Linux at DECUS and OSW/FedUNIX
On November 11 through 13, Carlie Fairchild and I attended the DECUS show in Anaheim, California. While DECUS has generally been a good show for SSC, this show was small and we were the only Linux vendor attending. The best guess why is with UseLinux coming up in the same place in January, it was an easy show for people—vendors as well as Linux-heads—to skip.
There was a series of talks on Linux presented by Jon “maddog” Hall and myself. Attendance was between 20 and 50, and I think we managed to make some converts.
Carlie had also arranged for me to speak to the local Linux users' group on Wednesday night. About 25 people attended (including “maddog”). I presented a talk called Looking at Linux. Much of this talk focused on the commercial viability of Linux, which was an issue many of the group's members had been attempting to address on their own. I stressed four criteria for commercial viability: reliability, interoperability, support and capabilities.
The talk was well received and the meeting turned into a informal discussion of Linux in general. I look forward to talking with these people again during the UseLinux show.
By the time you read this I will have presented this talk again at The Evergreen State College for their Linux Users' Group. I am also being interviewed on a program called Geek Talk on their radio station. While I hardly consider myself a geek, the last time I was on this station was 17 years ago, so I guess it is about time to be a radio personality again.

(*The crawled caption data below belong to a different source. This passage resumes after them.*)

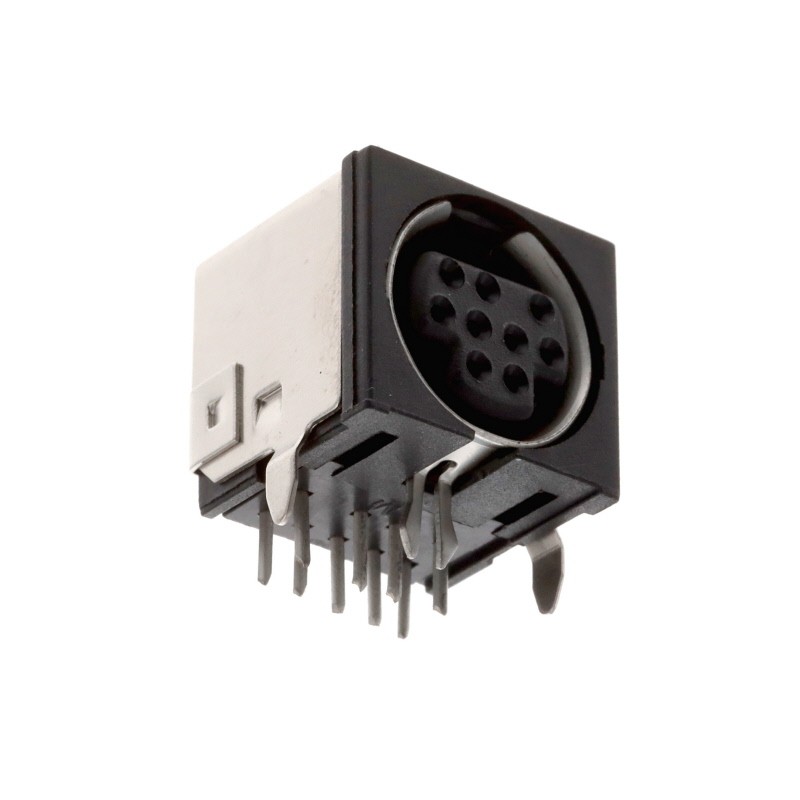 10 pcs : KMDGX-9S-AS - CONN RCPT FMALE MINI DIN 9P SLDR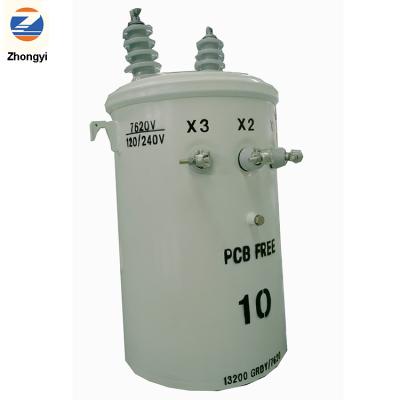 China Power Distribution System Pole Mounted Single Phase Distribution Transformer Price 11kv 110v 16KVA 500kva ONAN for sale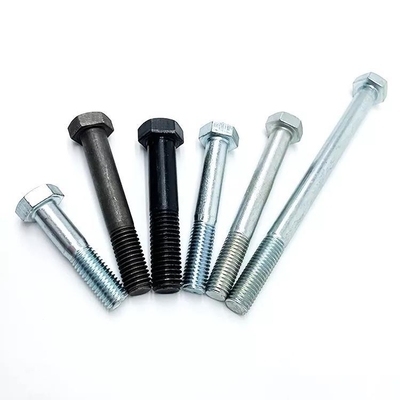 Μετρικό σύστημα μέτρησης M6-M36 M10 Μαύρο Hex Bolt Nut Washer DIN933 8.8 12.9 Βαθμός BLUE DYED Finish για την κατασκευή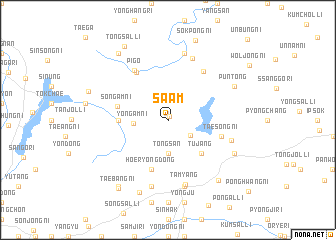 map of Saam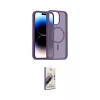 ieg™ iPhone 14 Pro Max Kılıf Siluet Minimal Prime - Siyah Bilvis 3D Mat Cam Ekran Koruyucu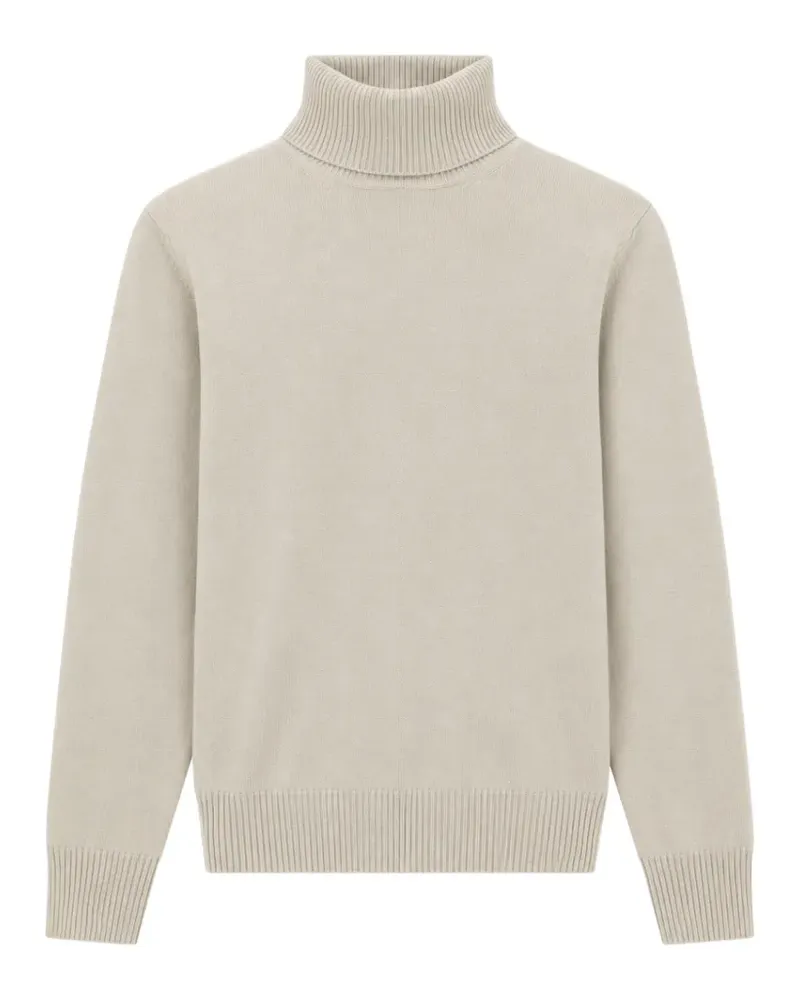 Emporio Armani Rollkragenpullover aus reinem Kaschmir - Nude Nude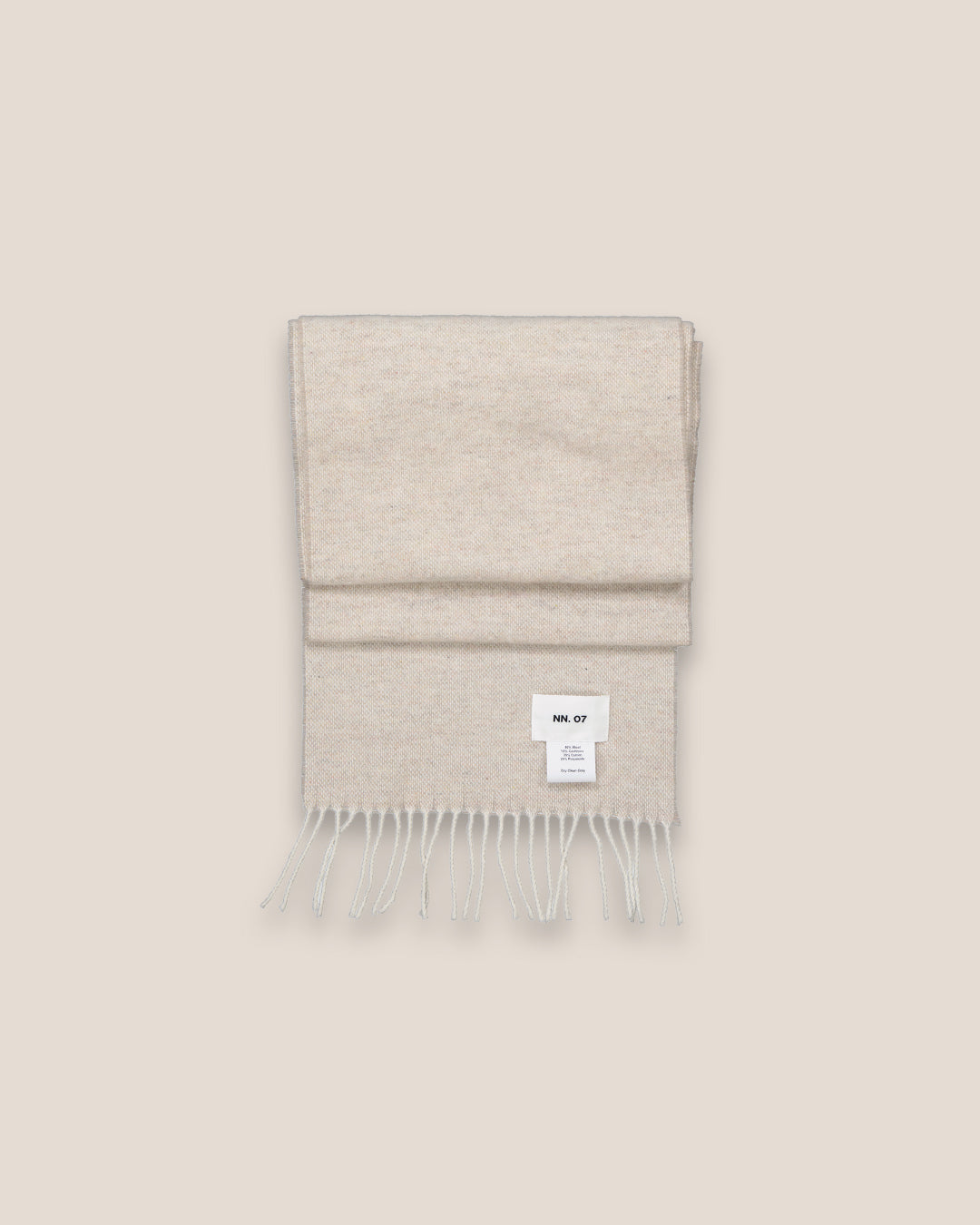 NN.07 Wool & Cashmere Blend Scarf 9008 - Ecru Multi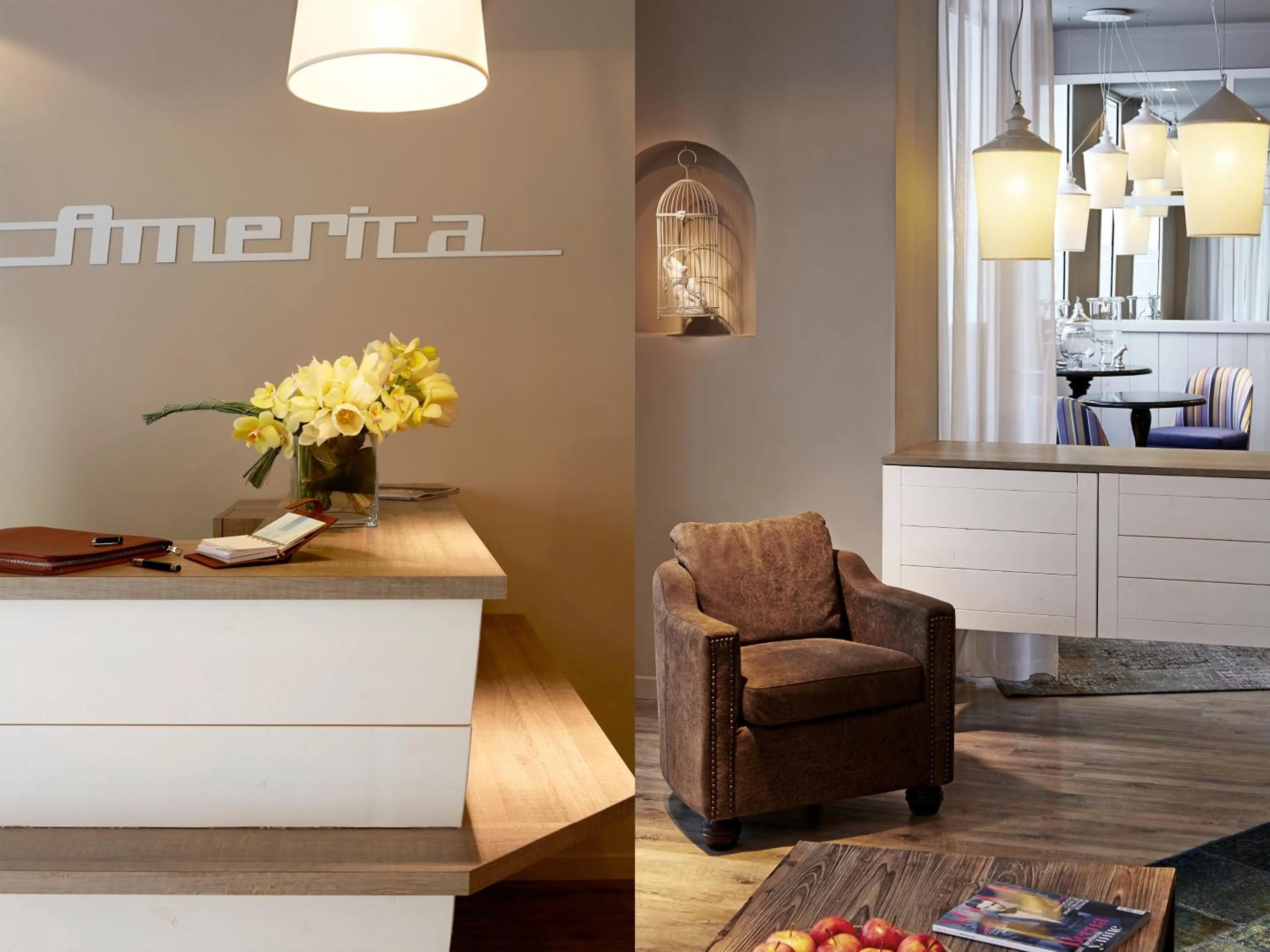 Living room in Hotel America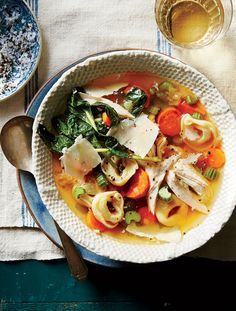 Turkey Tortellini Soup with Greens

SSC's emphasis on users' groups is not new. We made LUG/nut, an inexpensive package consisting of a Linux CD and a card good for a sample issue of Linux Journal, available to users' groups over a year ago. We are now working on a way to help new users' groups form, get publicity and attract new members. Watch our web site for details.
—Phil Hughes, Publisher
The first week of November, I went to Washington, D.C. to attend Open Systems World/FedUNIX. While several dedicated Linux fans came by the booth, most of the people I talked to knew very little about Linux. Some were just cruising the booths, collecting whatever anyone was giving away, but we don't mind—the literature they picked up may spark some real interest later on. (One show attendee, in addition to taking a few of whatever we had also took the neat twirly thing we'd acquired from another exhibitor's booth.)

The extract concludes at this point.